Collected data:
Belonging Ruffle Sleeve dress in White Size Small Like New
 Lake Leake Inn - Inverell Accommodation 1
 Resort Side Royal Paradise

What is needed: Your task is to transcribe the listing above in full and exactly.

Your solution:
Belonging Ruffle Sleeve dress in White Size Small Like New
 Lake Leake Inn - Inverell Accommodation 1
 Resort Side Royal Paradise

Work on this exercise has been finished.